LONG BEACH — He's come back from the Michigan cold to the balmy temptations here which once proved as dizzying as the heights he hurls his body over at track meets. A small-town boy, he readily fell into Southern California's clutches, but it won't happen again, he says, now that the wildness within him has been purged. All he wants to do is jump.
And there aren't many people who jump higher than Dennis Lewis.
Last March, Lewis, then a 26-year-old freshman at Long Beach City College, flopped over a bar 7 feet, 8 inches above the ground, tying the American high-jump record set by Dwight Stones, perhaps the sport's most well-known competitor.
That came as no surprise to Lewis, who will jump Friday night in the Sunkist Invitational Track Meet at the Los Angeles Sports Arena. Jumping has always come naturally to him.
"He probably has more raw talent than Dwight," said Long Beach City College track coach Ron Allice, "but Dwight gets more out of his talent."
Which is to suggest that Lewis has always needed to work a little harder than he thinks he does.
Last summer he told a reporter, "I'm crazy, wild and loose."
Now, Lewis, whom Allice calls a "super human being," has returned to California from his home in Ypsilanti, Mich., to train for the new track season. He said he's ready to make a commitment to hard work.

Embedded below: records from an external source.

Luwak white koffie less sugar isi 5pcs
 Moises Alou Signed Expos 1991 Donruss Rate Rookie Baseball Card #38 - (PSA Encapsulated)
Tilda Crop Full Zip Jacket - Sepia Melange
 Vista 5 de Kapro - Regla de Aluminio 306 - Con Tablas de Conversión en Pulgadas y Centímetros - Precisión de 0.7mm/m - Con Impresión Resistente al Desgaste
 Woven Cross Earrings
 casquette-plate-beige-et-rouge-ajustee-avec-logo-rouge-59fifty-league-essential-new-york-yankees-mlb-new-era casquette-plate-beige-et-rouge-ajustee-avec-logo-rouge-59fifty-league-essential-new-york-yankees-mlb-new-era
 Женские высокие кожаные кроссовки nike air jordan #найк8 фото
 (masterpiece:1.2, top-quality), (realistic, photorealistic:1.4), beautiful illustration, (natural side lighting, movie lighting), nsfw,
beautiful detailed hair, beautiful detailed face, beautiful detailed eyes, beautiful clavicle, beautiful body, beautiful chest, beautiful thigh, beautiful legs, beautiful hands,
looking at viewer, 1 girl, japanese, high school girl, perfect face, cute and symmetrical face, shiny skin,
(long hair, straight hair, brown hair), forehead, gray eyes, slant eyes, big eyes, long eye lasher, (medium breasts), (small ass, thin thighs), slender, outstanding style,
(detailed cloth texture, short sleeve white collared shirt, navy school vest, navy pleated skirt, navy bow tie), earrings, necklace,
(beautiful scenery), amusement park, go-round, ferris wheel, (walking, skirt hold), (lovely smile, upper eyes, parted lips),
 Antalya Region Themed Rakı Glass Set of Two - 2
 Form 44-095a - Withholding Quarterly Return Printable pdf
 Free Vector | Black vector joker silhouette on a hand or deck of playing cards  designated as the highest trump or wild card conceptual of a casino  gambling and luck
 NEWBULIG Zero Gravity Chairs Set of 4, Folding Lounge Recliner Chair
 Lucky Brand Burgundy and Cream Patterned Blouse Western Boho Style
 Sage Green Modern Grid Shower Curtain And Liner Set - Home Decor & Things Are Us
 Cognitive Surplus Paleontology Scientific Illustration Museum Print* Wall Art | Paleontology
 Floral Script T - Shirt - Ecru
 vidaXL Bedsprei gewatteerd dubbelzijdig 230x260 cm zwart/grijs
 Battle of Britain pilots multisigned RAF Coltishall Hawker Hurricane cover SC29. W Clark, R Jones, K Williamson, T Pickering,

"I'm not actin' the same, I'm coolin' out," he said, looking cool in his sunglasses, gold necklace and wild, multicolored shorts, before a workout Monday at the college, where he is no longer a student, having dropped out after one year to concentrate on jumping for the New Balance Track Club.
"I'm not wild and loose. The first year here was an experience. The California life was too much for me. I was always going someplace, actin' wild. Not really wild . . . well, it was wild. Hanging out at the beaches, screaming at ladies."
Blame it on the endless summer.
"In Michigan it's wild and crazy in the summer but in the winter it cools off," Lewis said. "You aren't going to be crazy when it's 20 below."
The craziness, he says, has left his system.
"I'm back to normal," said Lewis. "I want to get seriously down to business. This year I want to get a world ranking in the top 5, then go to (compete in) Europe. That will be cool with me."
Hung Around With the Wrong Crowd
Arrangements for the coveted tour of Europe last summer fell through, leaving Lewis, who had trained hard, disappointed. "That's when he gave up the ship," Allice said. "Then he started to hang around with the wrong crowd."
Lewis is no longer the co-holder of the American record. Last May, Jimmy Howard jumped 7-8 1/2 to surpass Lewis and Stones.
"First I've got to break the American record," said Lewis, who expects a jump of 7-5 or 7-6 will win the Sunkist. "That will come a lot easier than 7-10 3/4 (the world record held by Russia's Rudolf Povarnitsin). If I can do that, it will get me on a lot of commercials."
And his innate ability makes him a likely candidate to be the first to jump eight feet. "Very possible," he said.
'Not Going to Say I Choked'
The 1988 Olympics are a definite goal. "I should be all the way ready by then," said Lewis, who first came to California in 1984 to try out--unsuccessfully--for the Los Angeles Games.
"I'm not going to say I choked," said Lewis, who has a reputation of being calm during competition. "But the pressure was on me. I kept saying I was going to kill the bar. I went out of my head. I was just flying at the bar, not thinking of technique. I was overexcited and my chest was clogged up with smog."
He cleared 7-5, which was pretty good considering that he had only returned to the sport the year before after a four-year layoff, but it wasn't good enough.
High jumping is not Lewis' first love. Basketball is. The all-time moment in his life probably wasn't when he cleared 7-8, but when he blocked a shot by Magic Johnson in a Michigan high school game. "He (Johnson) remembers that," Lewis said.
Nevertheless, at Ypsilanti High, Lewis made his biggest impression in track. As a senior in 1977, he jumped 7-2 to set a national high school indoor record. He won a track scholarship to Michigan State University where, as a freshman, he jumped 7-3 and was second in the NCAA indoor meet.
But he left after one year.
"I really wasn't ready for college," he said.
He went to work in the Ford plant at Ypsilanti. "I tossed these screws on a distributor," Lewis said. "I didn't have to get all greasy and dirty, and the money was good."
He doubted that he would ever high jump again, so he joined as many basketball leagues as he could find.
But he knew it was time to get back into high-jumping in the winter of 1983 when he was watching a track meet on television, and wasn't impressed.
"I said if these big dudes can win these meets and only jump 7-3, I know I can beat them," he recalled. "I kept telling my father I could jump higher than that, and that I should get back into jumping so I could travel a bit and make some of that money out there."